The CARESCAPE Monitor B450, including both new and existing subsystems interconnected forms a low acuity, portable multi-parameter patient monitoring system. The CARESCAPE Monitor B450 includes the monitor itself with built-in CPU and power unit, the CARESCAPE Software Platform (ESP software version 2 in this submission) and one or two batteries. The CARESCAPE Monitor B450 has a 12 inch touch screen display, mounting for a PSM/PDM hemodynamic module and a frame for one additional parameter measurement module. A variety of options are available to the customer including additional displays, various input devices (keyboard, mouse, bar code reader and USB remote control), and additional modules. The CARESCAPE Monitor B450 supports a variety of existing physiological parameter measurement modules and also can connect to OEM medical devices via the existing network infrastructure. The CARESCAPE Monitor B450 interfaces to a variety of other patient monitoring systems via a cabled or wireless network interface. The CARESCAPE Monitor B450 includes features and subsystems that are optional or configurable.

AI/ML Overview

The provided text describes a 510(k) submission for the GE Healthcare CARESCAPE Monitor B450. However, it explicitly states, "The subject of this premarket submission, CARESCAPE Monitor B450 did not require clinical studies to support substantial equivalence."

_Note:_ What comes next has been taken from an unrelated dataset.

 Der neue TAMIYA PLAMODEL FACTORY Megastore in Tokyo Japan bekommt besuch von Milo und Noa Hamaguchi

This means that a study proving the device meets specific acceptance criteria, as typically described for a new or significantly modified device, was not conducted in the context of this 510(k) review. The device's safety and effectiveness were established primarily through non-clinical tests (compliance with standards) and by demonstrating substantial equivalence to a predicate device (CARESCAPE Monitor B650) which used an earlier version of the algorithm (EK-Pro v12 vs. EK-Pro v13).

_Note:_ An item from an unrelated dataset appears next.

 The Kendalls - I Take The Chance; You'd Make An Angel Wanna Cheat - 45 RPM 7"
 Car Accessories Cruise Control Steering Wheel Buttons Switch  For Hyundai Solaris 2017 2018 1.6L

Therefore, I cannot provide the information requested in points 1-9 as no such study is detailed in the provided document.

Here's a breakdown based on the information provided (or not provided) in the text:

1. A table of acceptance criteria and the reported device performance:

Not provided. No specific acceptance criteria for performance were listed, nor were direct device performance results from a clinical study included. The submission focuses on compliance with general safety and performance standards for medical electrical equipment.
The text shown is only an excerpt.